» Task inputs:

+--

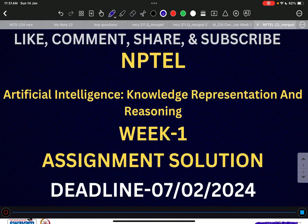Also the questions in the main question paper would be tricky in the examination. So we assure you that we are the only channel who would be providing you the answers for all 12 weeks. So let's just start with today's solution of the first week.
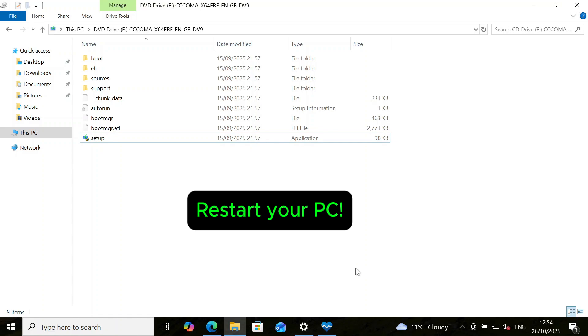At this point, I recommend to restart your PC. This is to ensure that the OS fully registers and applies the registry change. We will continue after the restart.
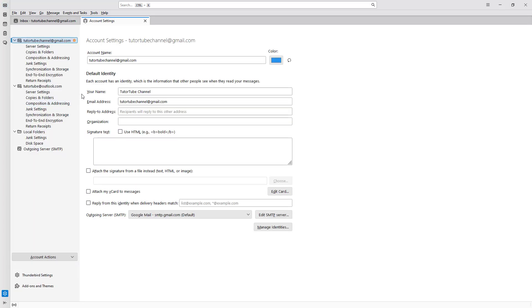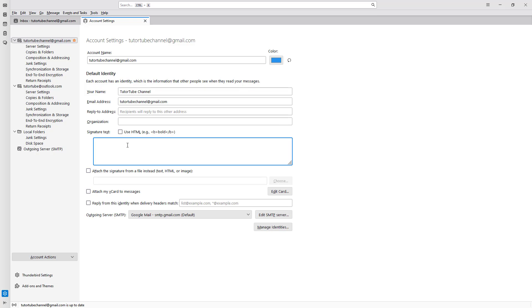For this particular settings, you can see that 'Signature Text' is an option. You can also use HTML tags right here, but I'm simply going to use plain text. So I'm going to go ahead and say 'sincerely yours.'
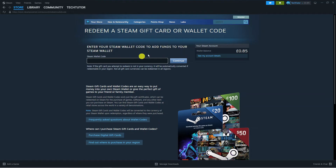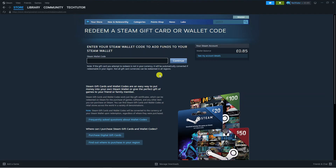Enter your code and press continue, then it's going to show you the value of how much is going to be added to your Steam wallet. You would then go ahead and confirm, and once that's been added you can use it to purchase games and other applications through Steam.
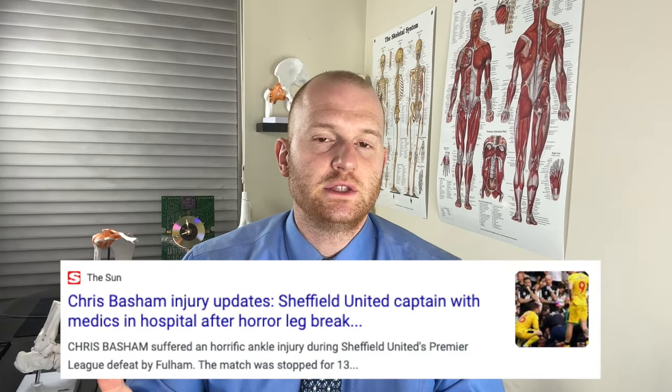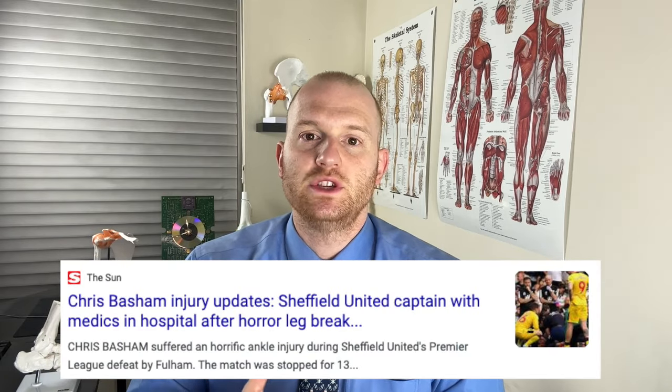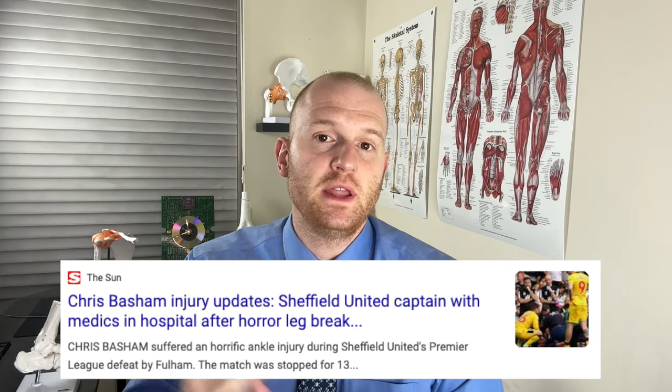Chris Basham of Sheffield United suffered an absolutely horrific looking leg injury today, which required him to be transported immediately to the hospital. On the play that Basham was injured, his foot and ankle got tripped up and as he rolled over it looked like his ankle was actually dislocated. It's common for ankle dislocations to be accompanied with ankle fractures as well, and since some people may not be too familiar with the anatomy, I want to focus on that with this video.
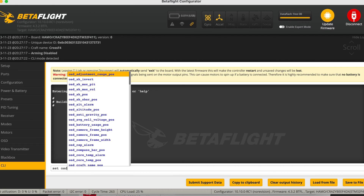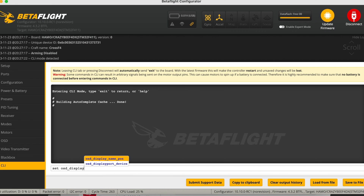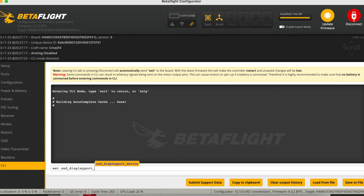What you want to do is go into Betaflight and into the CLI. Make sure the flight controller is on Betaflight 4.3, then type: set osd_displayport_device = msp.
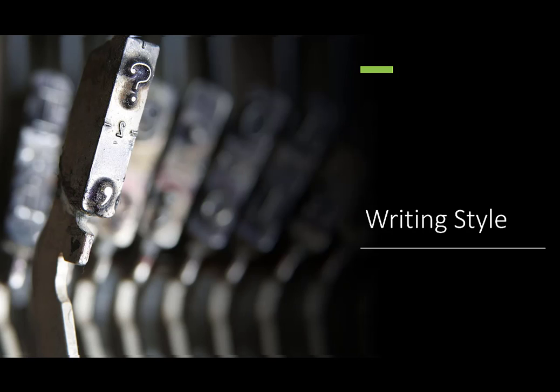Writing style can give you a lot of clues about the purpose of the information, the intent, the intended audience, and its credibility.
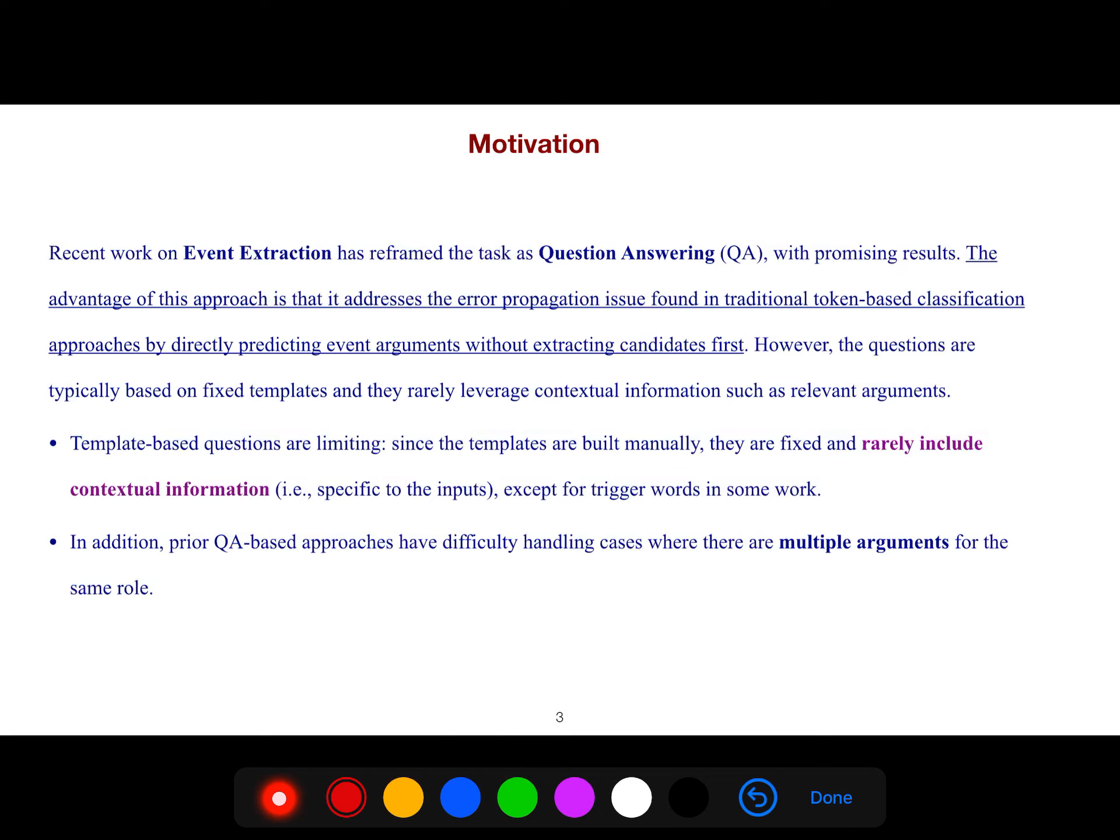Template-based questions are limiting. Since the templates are built manually, they are fixed and rarely include contextual information except for trigger words in some work. In addition, prior question answering based approaches have difficulty handling cases where there are multiple arguments for the same role.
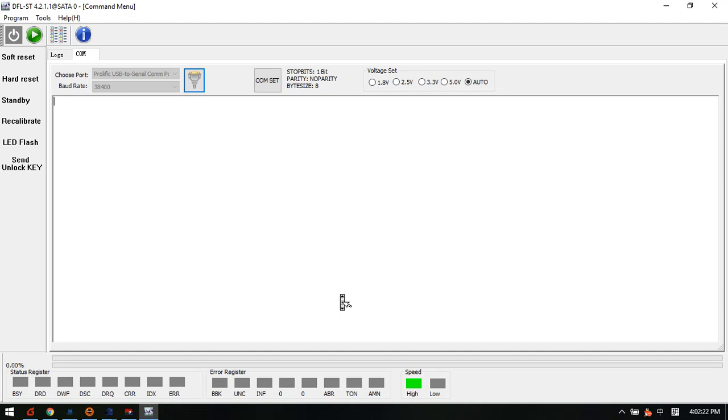Hello everyone. This video will teach you how to get the head map of Seagate hard drives. You know, for some cases when users are trying to find a donor drive, it is necessary to get the correct head map.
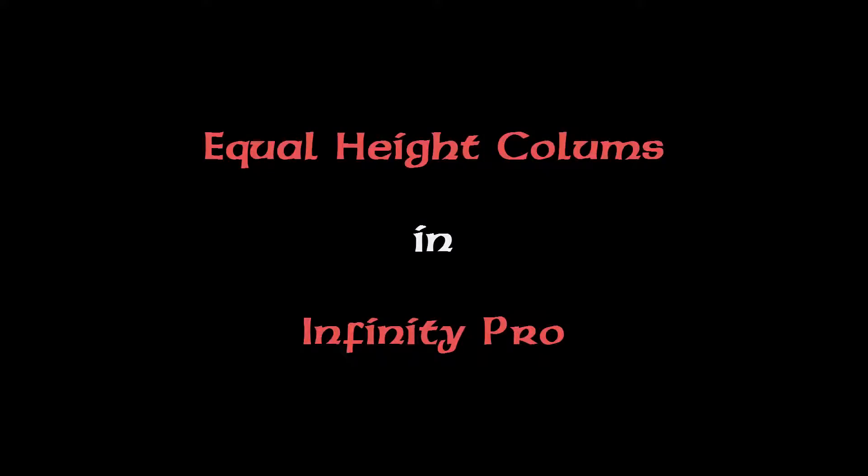Hello folks, Jose here with another video tutorial for WPBasics.org. In today's tutorial, I will show you how to make your columns have an equal height in the Infinity Pro theme by StudioPress.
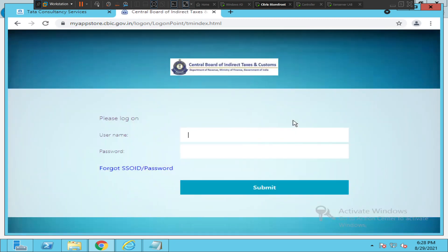Once you enter your username and password and click submit, you will be able to connect to the Citrix virtual environment. I hope you find this information helpful.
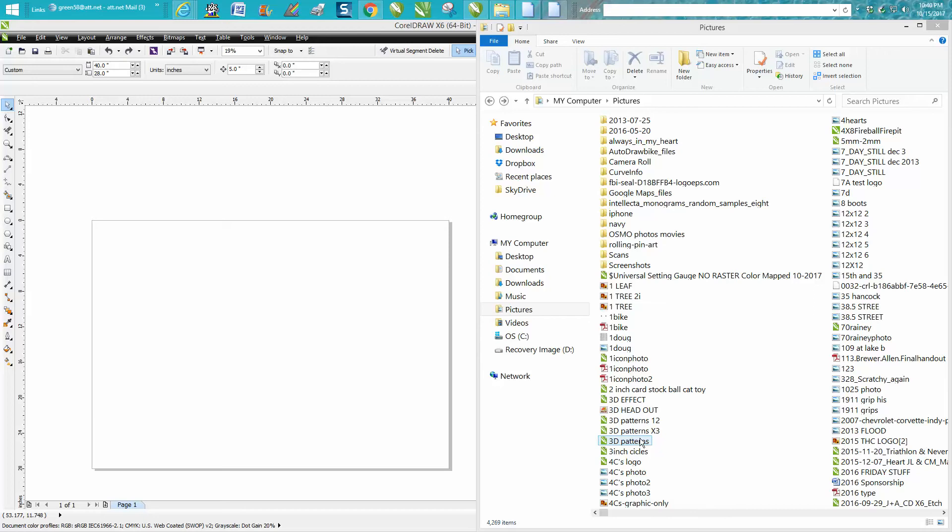Hi, it's me again with Corel Draw Tips and Tricks. This video tonight isn't going to be about drawing in Corel. It's about how to make life a little easier to find stuff in Corel and actually bring it into Corel, like clip art.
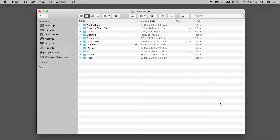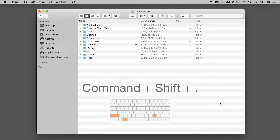So I'm here on a Mac with a folder open. To see the hidden files, you want to hold down the Command key and the Shift key, and then tap the period key. You may also know the period symbol as the full stop.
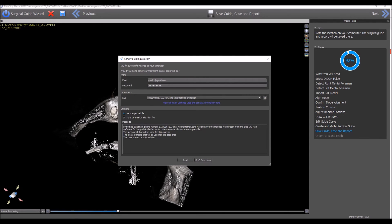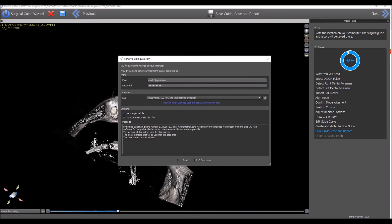In terms of what's being sent, you can choose either to send the exported surgical guide or you can choose to send the entire Blue Sky Plan file. Decide what you want to be sending and select the relevant radio button.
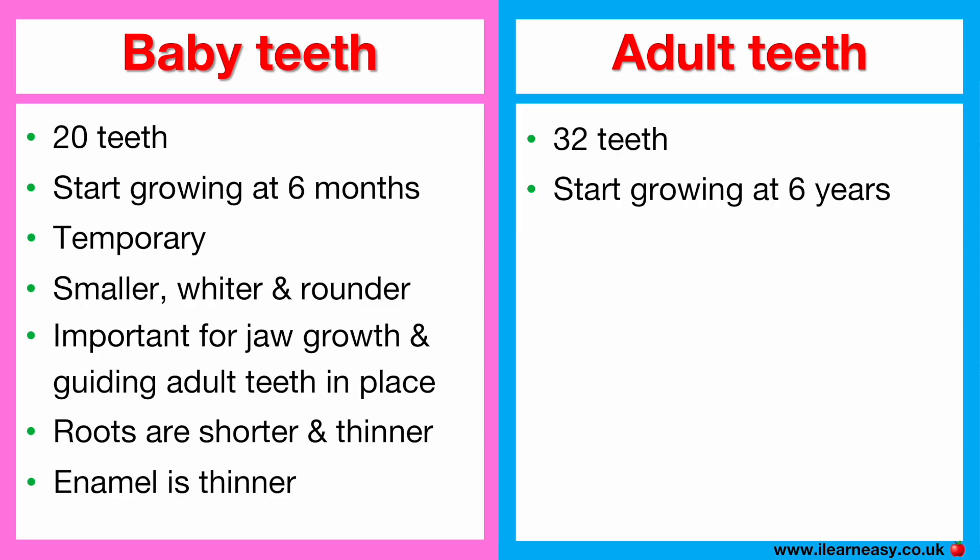Wisdom teeth come in later, between the ages of 17 to 25. Adult teeth are permanent and are designed to last a lifetime.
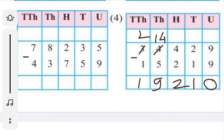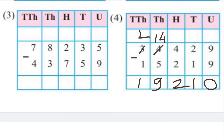The answer is 19,210. For more problems like this, a video will be made. Thank you.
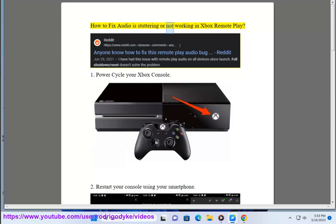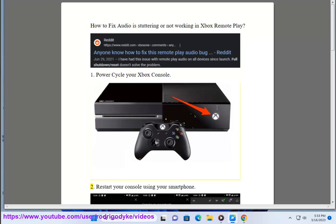How to fix audio is stuttering or not working in Xbox Remote Play. 1. Power cycle your Xbox console.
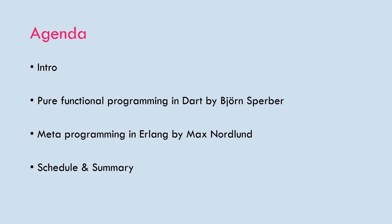Hello everyone and welcome to the third Funkprog Sweden this year. The agenda for today, we will have pure functional programming in Dart by Björn Sperber, then we will have meta programming in Erlang by Max Nordlund, and then in the end I will go through the schedule and summary of the meetup.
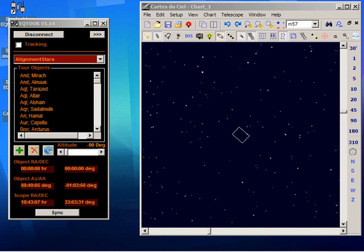As you can see, I've already started EQTOR and also my planetarium, both of which are currently connected to the EQASCOM Telescope simulator. Now it's handy to use the simulator for this kind of job because you really don't need to have access to the mount.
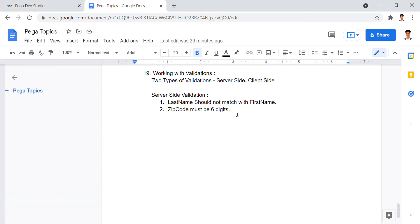We are here with a new requirement working on validation. There are two types of validations: server-side validation and client-side validation. Here we are working on the server-side validation — this is an instance of rule object validation.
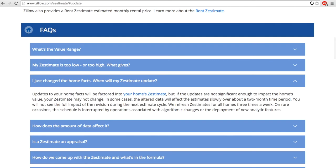Alright, so we've done everything we can to update this Zestimate. Now we sit back and wait. Good luck, guys.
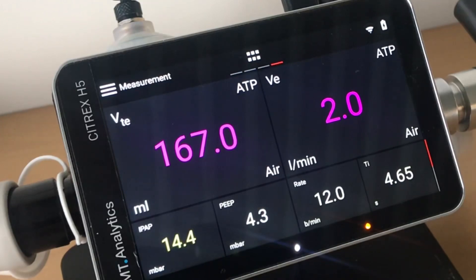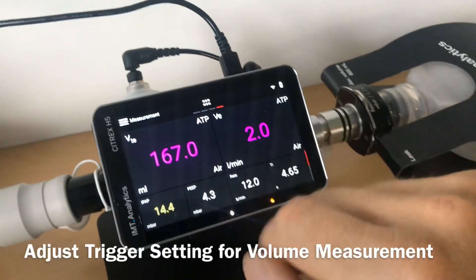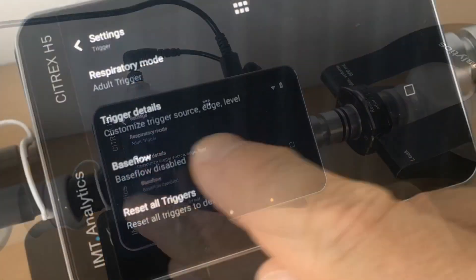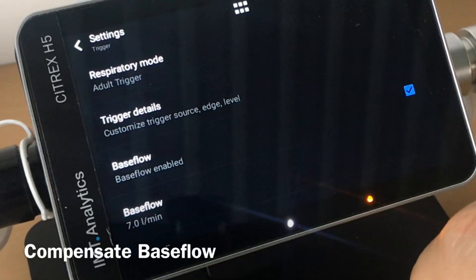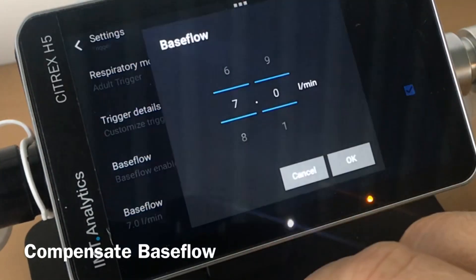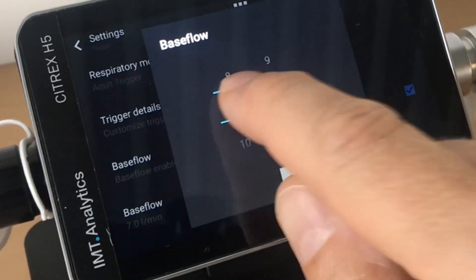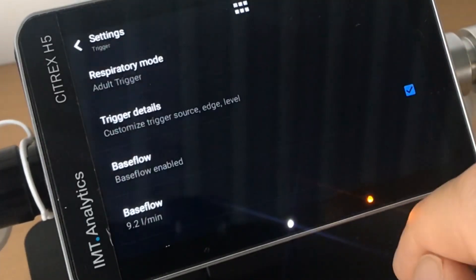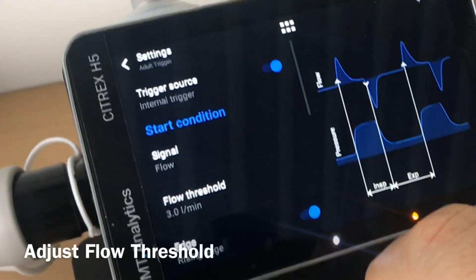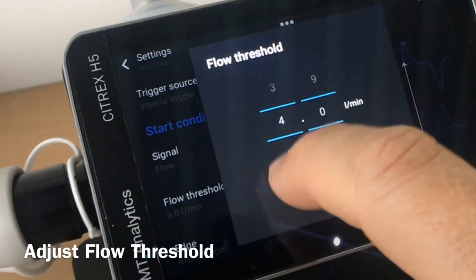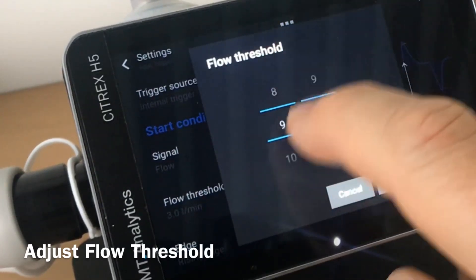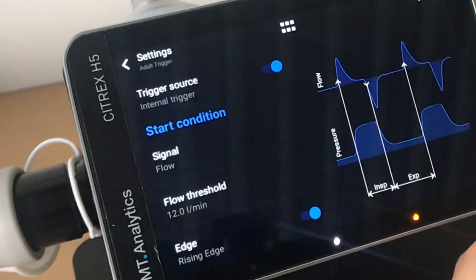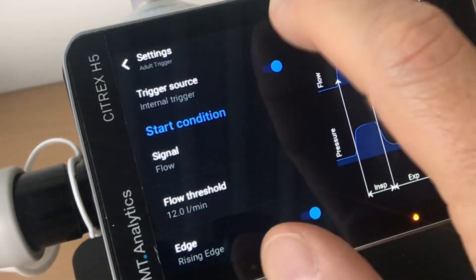So therefore the values shown are wrong. You have to go into the setting screen to the trigger setting, where you can see the base flow. You have to adjust the base flow to the value you measured before, and then adjust the trigger threshold — which is the threshold for when volume measurement actually starts — to about 3 liters above the base flow, in this case 12.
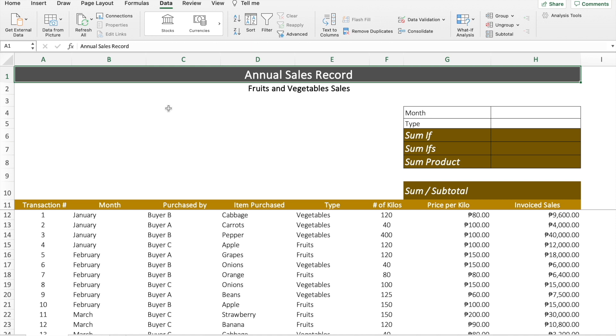In this sample data set, you can see that there are several pieces of information presented. This is basically an annual sales record of a vendor, particularly of fruits and vegetables. All pertinent data are available for our analysis. Our objective is to get the annual sales — basically adding all the sales generated from January to December.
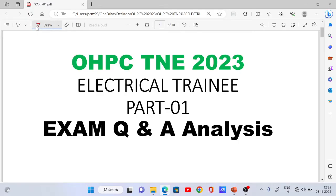Hello everyone, welcome to Power Electrics. Today I am going to discuss the OHPC technical non-executive electrical trainer exam question.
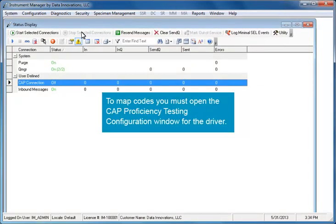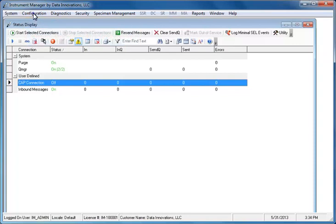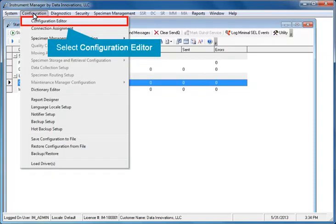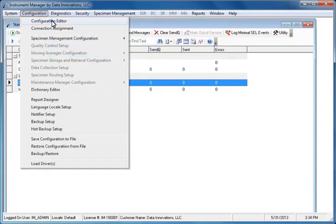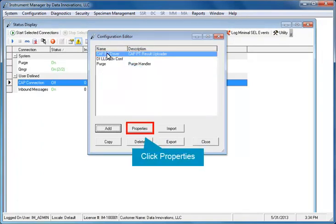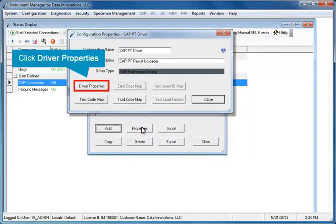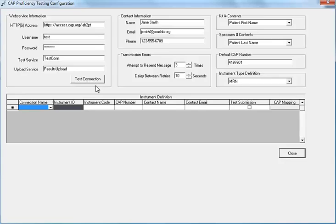To map codes, you must open the CAP proficiency testing configuration window for the driver. Open the Configuration menu and select Configuration Editor. Select the appropriate driver and click the Properties button. In the Configuration Properties dialog, click the Driver Properties button. The CAP proficiency testing configuration dialog opens.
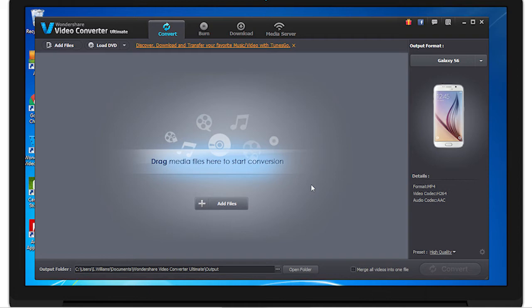So to make it simple, the more times you compress a file, the more the quality will drop. But if you only do it once, you won't really notice a difference, and that's what we'll be doing today.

+--

» Task description:
The reply must hold every line above exactly as written and none of the pictures.

» Answer to the exercise:
Also the questions in the main question paper would be tricky in the examination. So we assure you that we are the only channel who would be providing you the answers for all 12 weeks. So let's just start with today's solution of the first week.
At this point, I recommend to restart your PC. This is to ensure that the OS fully registers and applies the registry change. We will continue after the restart.
For this particular settings, you can see that 'Signature Text' is an option. You can also use HTML tags right here, but I'm simply going to use plain text. So I'm going to go ahead and say 'sincerely yours.'
Enter your code and press continue, then it's going to show you the value of how much is going to be added to your Steam wallet. You would then go ahead and confirm, and once that's been added you can use it to purchase games and other applications through Steam.
Chris Basham of Sheffield United suffered an absolutely horrific looking leg injury today, which required him to be transported immediately to the hospital. On the play that Basham was injured, his foot and ankle got tripped up and as he rolled over it looked like his ankle was actually dislocated. It's common for ankle dislocations to be accompanied with ankle fractures as well, and since some people may not be too familiar with the anatomy, I want to focus on that with this video.
What you want to do is go into Betaflight and into the CLI. Make sure the flight controller is on Betaflight 4.3, then type: set osd_displayport_device = msp.
Writing style can give you a lot of clues about the purpose of the information, the intent, the intended audience, and its credibility.
Template-based questions are limiting. Since the templates are built manually, they are fixed and rarely include contextual information except for trigger words in some work. In addition, prior question answering based approaches have difficulty handling cases where there are multiple arguments for the same role.
Hello everyone. This video will teach you how to get the head map of Seagate hard drives. You know, for some cases when users are trying to find a donor drive, it is necessary to get the correct head map.
Hello folks, Jose here with another video tutorial for WPBasics.org. In today's tutorial, I will show you how to make your columns have an equal height in the Infinity Pro theme by StudioPress.
Once you enter your username and password and click submit, you will be able to connect to the Citrix virtual environment. I hope you find this information helpful.
Hi, it's me again with Corel Draw Tips and Tricks. This video tonight isn't going to be about drawing in Corel. It's about how to make life a little easier to find stuff in Corel and actually bring it into Corel, like clip art.
So I'm here on a Mac with a folder open. To see the hidden files, you want to hold down the Command key and the Shift key, and then tap the period key. You may also know the period symbol as the full stop.
In terms of what's being sent, you can choose either to send the exported surgical guide or you can choose to send the entire Blue Sky Plan file. Decide what you want to be sending and select the relevant radio button.
Wisdom teeth come in later, between the ages of 17 to 25. Adult teeth are permanent and are designed to last a lifetime.
The answer is 19,210. For more problems like this, a video will be made. Thank you.
How to fix audio is stuttering or not working in Xbox Remote Play. 1. Power cycle your Xbox console.
Hello everyone and welcome to the third Funkprog Sweden this year. The agenda for today, we will have pure functional programming in Dart by Björn Sperber, then we will have meta programming in Erlang by Max Nordlund, and then in the end I will go through the schedule and summary of the meetup.
As you can see, I've already started EQTOR and also my planetarium, both of which are currently connected to the EQASCOM Telescope simulator. Now it's handy to use the simulator for this kind of job because you really don't need to have access to the mount.
We are here with a new requirement working on validation. There are two types of validations: server-side validation and client-side validation. Here we are working on the server-side validation — this is an instance of rule object validation.
Alright, so we've done everything we can to update this Zestimate. Now we sit back and wait. Good luck, guys.
So therefore the values shown are wrong. You have to go into the setting screen to the trigger setting, where you can see the base flow. You have to adjust the base flow to the value you measured before, and then adjust the trigger threshold — which is the threshold for when volume measurement actually starts — to about 3 liters above the base flow, in this case 12.
In this sample data set, you can see that there are several pieces of information presented. This is basically an annual sales record of a vendor, particularly of fruits and vegetables. All pertinent data are available for our analysis. Our objective is to get the annual sales — basically adding all the sales generated from January to December.
Hello everyone, welcome to Power Electrics. Today I am going to discuss the OHPC technical non-executive electrical trainer exam question.
To map codes, you must open the CAP proficiency testing configuration window for the driver. Open the Configuration menu and select Configuration Editor. Select the appropriate driver and click the Properties button. In the Configuration Properties dialog, click the Driver Properties button. The CAP proficiency testing configuration dialog opens.
So to make it simple, the more times you compress a file, the more the quality will drop. But if you only do it once, you won't really notice a difference, and that's what we'll be doing today.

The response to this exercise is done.